### Task goal
Nothing but the lines from the one holding "Image de Epilobium hohuanense S. S. Ying" to the final line of the listing below, both included, should be repeated, and each must match exactly. Omit pictures.

### Material provided
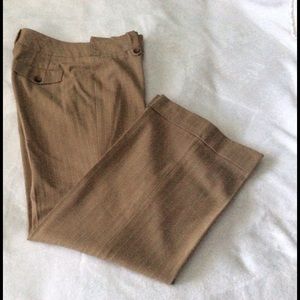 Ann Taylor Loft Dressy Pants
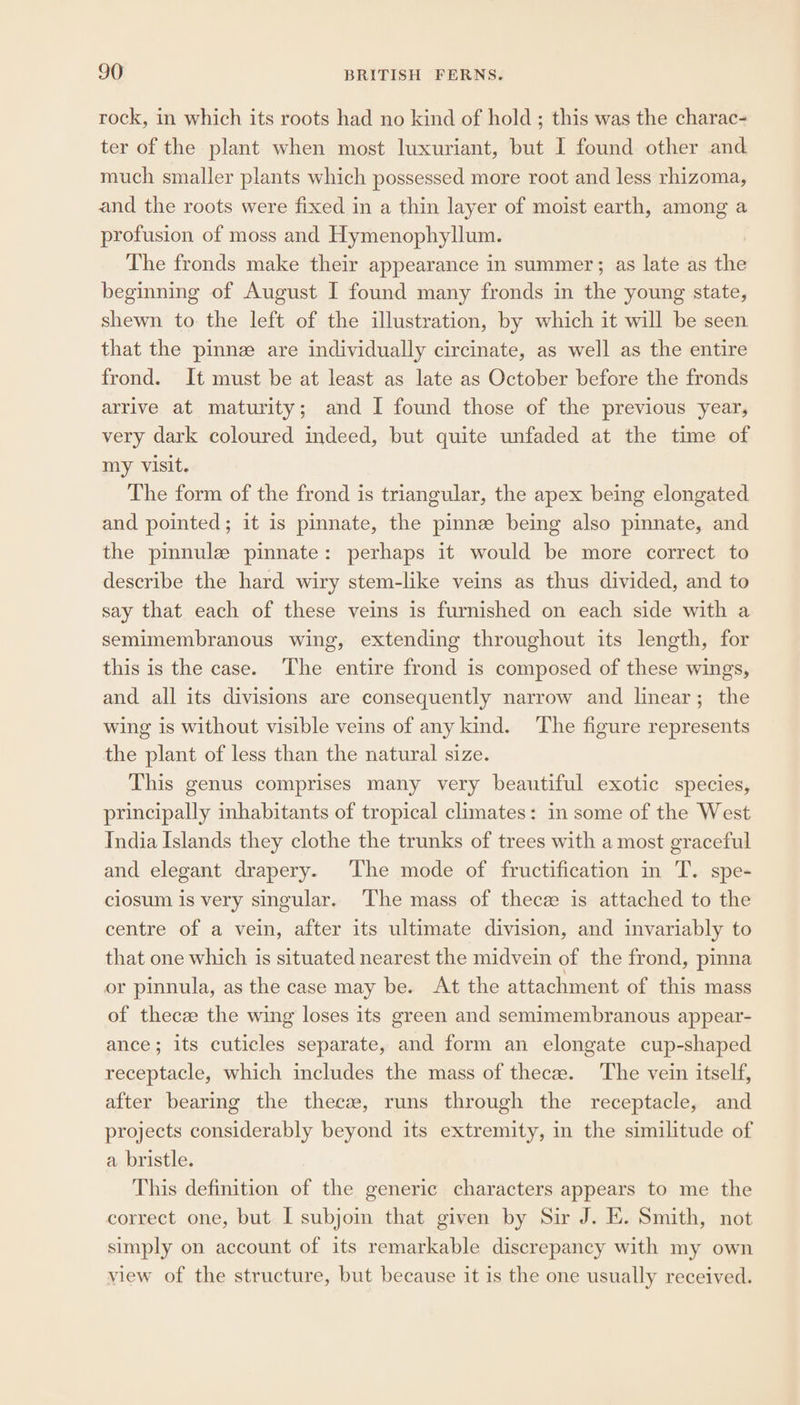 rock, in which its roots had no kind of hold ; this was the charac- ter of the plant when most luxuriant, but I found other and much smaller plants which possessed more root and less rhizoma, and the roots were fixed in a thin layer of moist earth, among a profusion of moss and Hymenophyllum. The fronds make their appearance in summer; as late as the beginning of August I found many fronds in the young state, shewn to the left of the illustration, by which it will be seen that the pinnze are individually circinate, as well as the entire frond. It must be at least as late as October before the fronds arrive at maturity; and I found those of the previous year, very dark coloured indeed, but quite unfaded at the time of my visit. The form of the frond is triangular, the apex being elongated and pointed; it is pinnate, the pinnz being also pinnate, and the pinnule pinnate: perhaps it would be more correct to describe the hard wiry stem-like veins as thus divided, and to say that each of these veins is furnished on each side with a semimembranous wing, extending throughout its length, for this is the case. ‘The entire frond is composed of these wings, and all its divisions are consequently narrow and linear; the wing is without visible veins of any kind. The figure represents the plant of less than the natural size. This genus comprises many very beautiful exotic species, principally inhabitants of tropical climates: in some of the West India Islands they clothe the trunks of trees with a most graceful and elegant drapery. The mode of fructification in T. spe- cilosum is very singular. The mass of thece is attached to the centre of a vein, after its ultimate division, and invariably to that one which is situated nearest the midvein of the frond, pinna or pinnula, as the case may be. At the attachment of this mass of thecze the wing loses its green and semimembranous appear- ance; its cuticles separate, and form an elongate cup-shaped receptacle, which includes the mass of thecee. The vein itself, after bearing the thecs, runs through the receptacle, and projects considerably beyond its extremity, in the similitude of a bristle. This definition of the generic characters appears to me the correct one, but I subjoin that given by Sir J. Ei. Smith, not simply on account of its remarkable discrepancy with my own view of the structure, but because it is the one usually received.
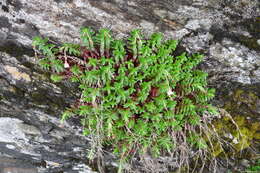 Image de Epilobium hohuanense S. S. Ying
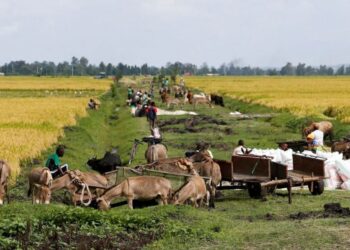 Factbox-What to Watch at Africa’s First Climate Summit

### Solution for this exercise
 Image de Epilobium hohuanense S. S. Ying
 Factbox-What to Watch at Africa’s First Climate Summit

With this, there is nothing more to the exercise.